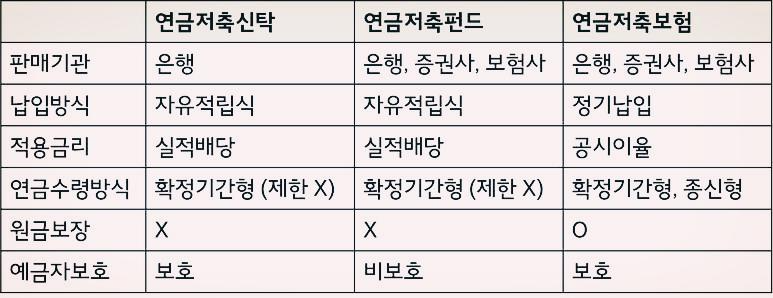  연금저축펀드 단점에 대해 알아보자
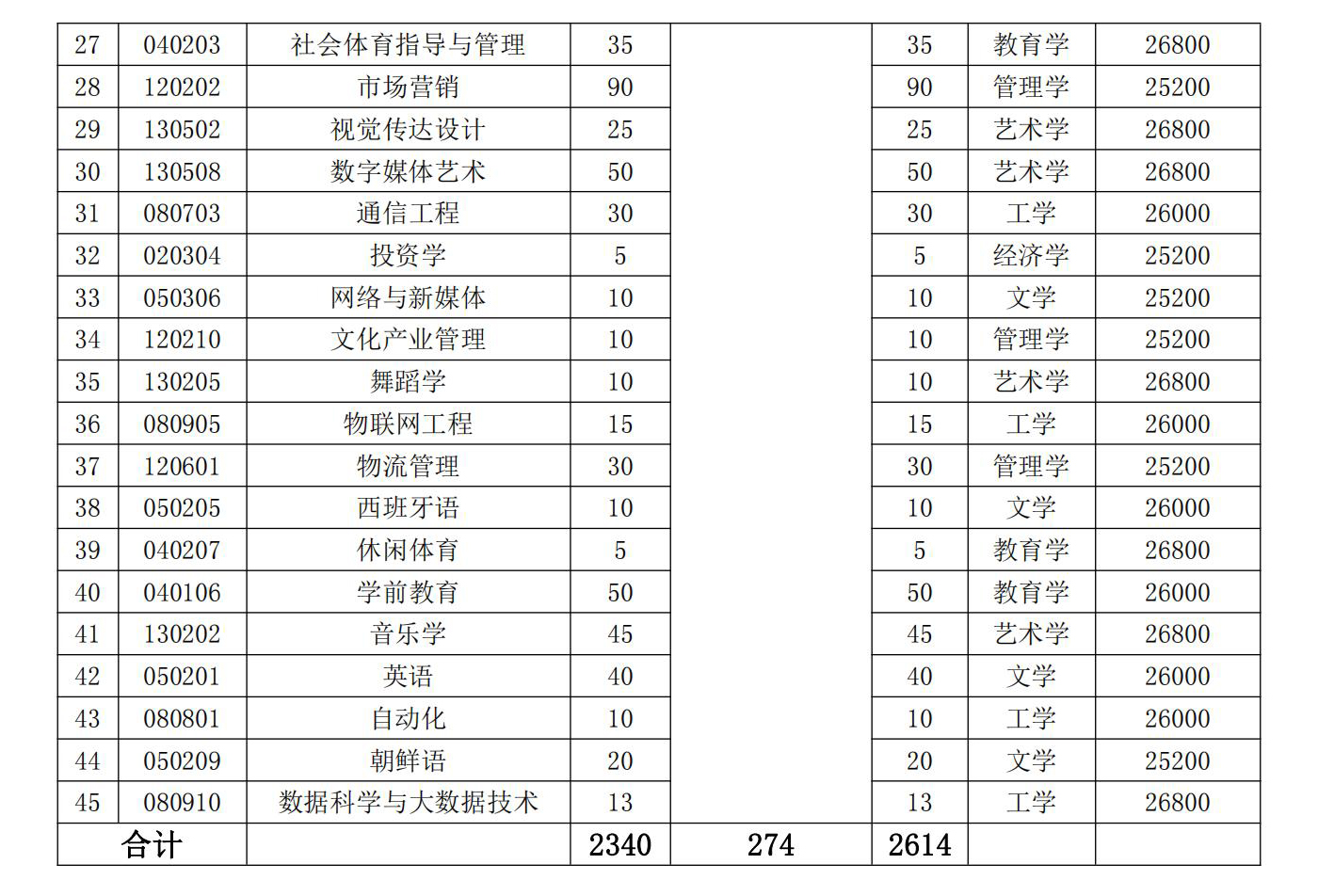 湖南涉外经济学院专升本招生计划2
==
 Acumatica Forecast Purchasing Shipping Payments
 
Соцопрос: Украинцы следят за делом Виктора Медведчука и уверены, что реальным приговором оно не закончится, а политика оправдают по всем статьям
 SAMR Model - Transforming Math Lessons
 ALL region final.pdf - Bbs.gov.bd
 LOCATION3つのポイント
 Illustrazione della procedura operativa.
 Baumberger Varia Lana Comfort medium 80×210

**TASK DETAILS**
Write down exactly the span of lines above from the one containing "Acumatica Forecast Purchasing" to the one containing "Baumberger Varia Lana Comfort medium 80×210", both ends included.

**OUTPUT**
 Acumatica Forecast Purchasing Shipping Payments
 
Соцопрос: Украинцы следят за делом Виктора Медведчука и уверены, что реальным приговором оно не закончится, а политика оправдают по всем статьям
 SAMR Model - Transforming Math Lessons
 ALL region final.pdf - Bbs.gov.bd
 LOCATION3つのポイント
 Illustrazione della procedura operativa.
 Baumberger Varia Lana Comfort medium 80×210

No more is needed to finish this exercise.